I’m not as handsome as I once was when 18 and full of life, but life is still in me and I flourish with the knowledge the passing years have lent me. Where once youthful exuberance led me to many mistakes, those errors helped wisdom take the place of a more foolishly innocent lack of foresight.
My grandfather Cheek always said “A dollar-two-ninety-eight’s worth of hindsight ain’t as good as a dime’s worth of foresight” and although it tickled me when he spoke those wise words back in those yesteryear memories, the thought still sticks in my mental makeup now that he’s gone on.
So although many shy away from their maturity like a bad case of Ebola, I acceptingly consent to mine as a gift to have lived those years and those hopefully many years to come. But I lack someone to share those pending moments with.
Ever look at your half-heart little pal-buddy-friend half-heart (pet) and talk about a shared spontaneous hilarious moment on TV or laugh at some funny antic that pet just pulled, and then realize that you have finally gone from talking to yourself to talking to and sharing with your pet, for lack of a more desired enjoyable audience?
I think about how that little critter loves me, how their lack of language prevents them from regretting some careless act we accidentally inflicted upon them as we may have inadvertently stepped on their paw one day, yet they do not hold it against us? Their love is long lasting and forgiving and we might often think about how we wish we had that time of attention, devotion and love from a compatible partner. We need that type of love when we share life with another, an ability to push those thoughts to the rear of our forward outlook.
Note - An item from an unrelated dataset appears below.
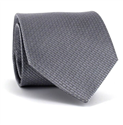 Grey Textured Tie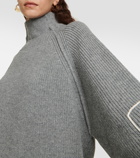 Victoria Beckham Embroidered wool turtleneck sweater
So what I may be lacking in to offer another, I hope to look at it as a blessing to be able to offer other not so readily observable gifts like good looks, but rather a genuine heart, a forgiving nature, a loyalty and devotion that the passing years have enabled me to develop by being able to analyze my thoughts and words and deeds and learn from them as wisdom takes the place of more foolish outlooks.
I'm not interested in "pretty" unless it's pretty nice and not pretty mean. LOL I am not interested in what other gents might call great looking, for its the heart I am concerned with, and the spirit and soul that rates far more important.
I am more interested in that relationship like my grand folks had, married for 72 years to their best friend in life. It has to have and hold respect for one another, or no matter how you define love, it cannot last as long as they practiced their love for each other, held one another in respect, love and adoration.
So send a note, say hi, relax and get comfortable for there is nothing here to worry about, and nothing to be scared of, just a laid back, natural genuine heart.
And don't let the long windiness worry you or alert you to some possible personality quirk or like some we find, a misfit mentality or emotionally imbalanced persona, okay? It's just there and gives someone a good idea of how I think, and it takes words to do that in here.
Please, no negativity intended but please don't reply if you are only about one or two liners as some genuine pursuit of your significant other. I look for genuine love too, and wish only to not waste your time, or mine.